The Greenhouse Metaphor – Response to Comments

Many thanks for the excellent comments on “The Greenhouse Metaphor.” They’re good enough that they require some extended response. I'm putting some phrases in quotes more to draw attention to their not-fully-literal nature than to discredit them.

Lifetimes of various gases in the atmosphere don’t have much to do with their segregation in various places. Yesterday, I could see Albuquerque’s brown cloud. It’s brown because of nitrogen oxides, which are gases, and particulates, which are solids. The nitrogen oxides are visible and more concentrated in that brown cloud because they haven’t mixed into the rest of the atmosphere or been rained out. Mixing doesn’t have much to do with lifetime, but being rained out does. Gases may be soluble in water and get rained out onto the ground, where they may react with vegetation and soil. That’s what happens with nitrogen oxides, and they have short lifetimes. Methane doesn’t have a long lifetime because it reacts with gases in the atmosphere: oxidation, just like burning, but slower. Carbon dioxide is water-soluble, so it may get rained out, but it’s not as reactive as the nitrogen oxides, so it may just go back into the atmosphere. So it has a long lifetime in the atmosphere.

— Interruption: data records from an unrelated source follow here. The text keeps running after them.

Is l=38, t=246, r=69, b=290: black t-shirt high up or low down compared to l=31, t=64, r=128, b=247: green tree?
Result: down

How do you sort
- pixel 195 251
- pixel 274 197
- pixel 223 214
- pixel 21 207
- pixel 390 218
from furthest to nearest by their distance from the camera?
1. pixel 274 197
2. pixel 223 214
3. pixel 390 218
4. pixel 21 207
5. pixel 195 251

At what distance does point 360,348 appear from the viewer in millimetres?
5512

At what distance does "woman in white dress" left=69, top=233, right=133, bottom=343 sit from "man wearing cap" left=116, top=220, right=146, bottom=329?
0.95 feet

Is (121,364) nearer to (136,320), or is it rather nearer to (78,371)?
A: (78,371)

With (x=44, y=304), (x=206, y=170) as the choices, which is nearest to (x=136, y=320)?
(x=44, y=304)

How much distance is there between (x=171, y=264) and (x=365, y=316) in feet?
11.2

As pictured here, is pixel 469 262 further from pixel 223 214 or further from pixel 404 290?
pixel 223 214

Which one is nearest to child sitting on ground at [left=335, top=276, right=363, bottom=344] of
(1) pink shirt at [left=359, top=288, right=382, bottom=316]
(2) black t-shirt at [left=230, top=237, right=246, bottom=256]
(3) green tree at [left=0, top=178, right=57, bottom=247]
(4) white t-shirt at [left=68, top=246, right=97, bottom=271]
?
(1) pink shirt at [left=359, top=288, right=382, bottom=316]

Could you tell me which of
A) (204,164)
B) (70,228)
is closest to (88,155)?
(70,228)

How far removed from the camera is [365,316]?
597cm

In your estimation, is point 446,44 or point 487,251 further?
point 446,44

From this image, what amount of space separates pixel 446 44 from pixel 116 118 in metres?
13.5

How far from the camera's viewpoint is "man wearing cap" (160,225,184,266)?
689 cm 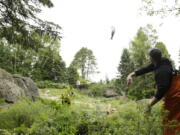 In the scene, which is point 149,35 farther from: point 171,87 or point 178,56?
point 171,87

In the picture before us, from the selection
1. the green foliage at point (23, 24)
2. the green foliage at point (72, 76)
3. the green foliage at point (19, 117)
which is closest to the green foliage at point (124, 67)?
the green foliage at point (72, 76)

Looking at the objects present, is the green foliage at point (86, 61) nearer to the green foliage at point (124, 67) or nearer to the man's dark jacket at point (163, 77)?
the green foliage at point (124, 67)

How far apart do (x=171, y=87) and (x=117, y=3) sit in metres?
5.36

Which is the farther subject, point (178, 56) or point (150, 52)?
point (178, 56)

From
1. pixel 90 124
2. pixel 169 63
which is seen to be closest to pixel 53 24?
pixel 90 124

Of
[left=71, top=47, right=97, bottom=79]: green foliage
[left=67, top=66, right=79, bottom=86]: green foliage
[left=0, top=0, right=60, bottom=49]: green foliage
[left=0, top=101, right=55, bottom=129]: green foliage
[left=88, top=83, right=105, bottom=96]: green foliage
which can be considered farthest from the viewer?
[left=71, top=47, right=97, bottom=79]: green foliage

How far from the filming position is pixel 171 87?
224 centimetres

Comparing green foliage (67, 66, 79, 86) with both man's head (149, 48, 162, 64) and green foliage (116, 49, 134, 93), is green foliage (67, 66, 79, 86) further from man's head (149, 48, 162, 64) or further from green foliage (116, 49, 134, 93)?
man's head (149, 48, 162, 64)

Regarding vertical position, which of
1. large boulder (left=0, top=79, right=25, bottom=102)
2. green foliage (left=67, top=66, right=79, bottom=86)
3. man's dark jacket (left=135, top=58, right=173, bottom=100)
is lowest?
large boulder (left=0, top=79, right=25, bottom=102)

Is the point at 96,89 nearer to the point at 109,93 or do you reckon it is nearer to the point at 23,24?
the point at 109,93

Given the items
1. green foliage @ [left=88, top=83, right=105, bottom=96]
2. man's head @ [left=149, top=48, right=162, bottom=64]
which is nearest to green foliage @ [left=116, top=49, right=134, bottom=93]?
green foliage @ [left=88, top=83, right=105, bottom=96]

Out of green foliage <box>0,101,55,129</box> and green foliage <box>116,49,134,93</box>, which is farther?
green foliage <box>116,49,134,93</box>

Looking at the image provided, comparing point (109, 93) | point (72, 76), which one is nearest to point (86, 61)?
Answer: point (72, 76)

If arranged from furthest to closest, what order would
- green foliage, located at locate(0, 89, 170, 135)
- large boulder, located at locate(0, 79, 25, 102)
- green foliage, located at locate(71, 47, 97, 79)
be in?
green foliage, located at locate(71, 47, 97, 79) < large boulder, located at locate(0, 79, 25, 102) < green foliage, located at locate(0, 89, 170, 135)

The “different layers in the atmosphere” – that metaphor again. Gases mix rapidly and completely. That’s the primary fact. But we have the “ozone layer.” We have statements like “Most of the atmospheric ozone is contained in the ozone layer.” Which is true. All this gives us a picture of a clearly-defined shell of mostly ozone around the earth. But
Ozone concentrations are greatest between about 20 and 40 km, where they range from about 2 to 8 parts per million. If all of the ozone were compressed to the pressure of the air at sea level, it would be only a few millimeters thick.
Emphasis mine. And further, the article goes on to say that the “boundaries” of the ozone layer fluctuate with the seasons and from one place to another. Those “boundaries” are defined as ozone concentrations. Here's some more about the ozone layer. There isn't nearly as much of this kind of explanation on the Web as I'd like to see.

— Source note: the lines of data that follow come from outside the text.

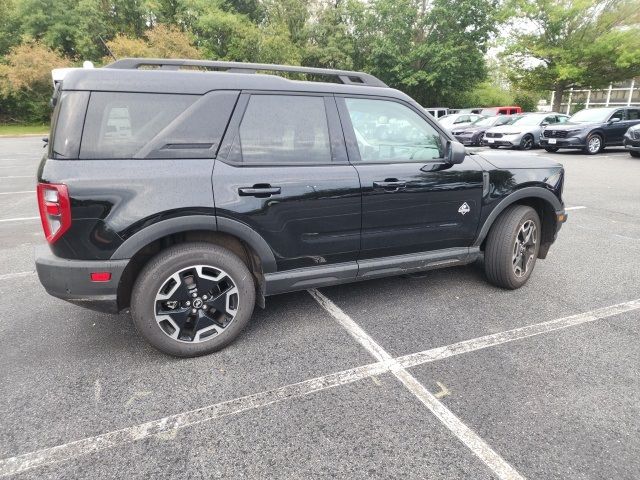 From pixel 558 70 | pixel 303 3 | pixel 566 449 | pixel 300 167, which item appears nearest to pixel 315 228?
pixel 300 167

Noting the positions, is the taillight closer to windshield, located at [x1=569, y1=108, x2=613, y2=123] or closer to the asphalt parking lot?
the asphalt parking lot

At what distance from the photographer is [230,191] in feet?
8.98

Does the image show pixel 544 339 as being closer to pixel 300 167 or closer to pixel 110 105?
pixel 300 167

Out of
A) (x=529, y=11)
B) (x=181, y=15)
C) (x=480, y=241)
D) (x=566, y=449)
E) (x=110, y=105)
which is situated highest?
(x=181, y=15)

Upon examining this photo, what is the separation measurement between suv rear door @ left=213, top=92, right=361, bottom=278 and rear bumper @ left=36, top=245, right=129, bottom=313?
2.45 feet

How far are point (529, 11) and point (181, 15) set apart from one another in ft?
97.1

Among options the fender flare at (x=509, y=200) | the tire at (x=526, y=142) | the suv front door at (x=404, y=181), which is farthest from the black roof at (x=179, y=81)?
the tire at (x=526, y=142)

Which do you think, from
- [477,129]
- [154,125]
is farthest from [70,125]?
[477,129]

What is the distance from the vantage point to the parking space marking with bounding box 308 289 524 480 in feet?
6.55

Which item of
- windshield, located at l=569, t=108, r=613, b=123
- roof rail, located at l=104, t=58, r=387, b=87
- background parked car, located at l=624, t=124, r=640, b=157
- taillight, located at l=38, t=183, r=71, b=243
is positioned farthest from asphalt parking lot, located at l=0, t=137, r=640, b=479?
windshield, located at l=569, t=108, r=613, b=123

If you boil a bit less than a gallon of water for pasta and put about a tablespoon of salt in it, you have 500 parts of salt per million. That tablespoon of salt would be few parts per million in a smallish swimming pool. So you’re talking about really small differences in composition between those “different layers.” The rest of the gases in the ozone layer are the usual earthly suspects, nitrogen, oxygen, and argon.

The differences resulting from the masses of the gases (could we make a song out of that?) are much smaller than the other processes in the atmosphere. Albuquerque’s brown cloud is gone today because a new air mass has moved in. It’s pushed the brown cloud out, but it’s also mixed the particulates, nitrogen oxides, and whatnot into the rest of the atmosphere, giving us the adage that
Dilution is the solution to pollution.
Those air masses keep moving around, so there’s not much chance for molecules to settle out. In any case, carbon dioxide (44 mass units) is heavier than oxygen (32 mass units), so it should be less prevalent at altitude if such settling were possible. Blood concentrations aren’t simply related to atmospheric concentrations.

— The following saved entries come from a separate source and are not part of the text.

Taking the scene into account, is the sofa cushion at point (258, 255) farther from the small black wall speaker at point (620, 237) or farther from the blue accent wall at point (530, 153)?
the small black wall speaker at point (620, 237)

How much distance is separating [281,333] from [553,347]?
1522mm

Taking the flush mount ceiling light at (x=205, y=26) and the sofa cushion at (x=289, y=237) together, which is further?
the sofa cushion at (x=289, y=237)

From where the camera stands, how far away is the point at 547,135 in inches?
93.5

Phila’s comments require a separate post. Perhaps today, perhaps the weekend.

5 comments:

Phila said...

Phila’s comments require a separate post.

BTW, I meant to add that my comments weren't related specifically to your lecture, which sounds like a totally different kind of endeavor.

MT said...

Just so to let no source confusion go unexposed, note that at low altitudes, ozone is known as "smog." Sleep well young scientists.

Ward Wilson said...

Cheryl, you write more clearly about science than anyone I know except Freeman Dyson. But that's not bad company to be in. Ward

MT said...

It's very bad company in the context of climate change.

Cheryl Rofer said...

Thanks, Ward.

Although, on the subject matter, I tend to agree with MT.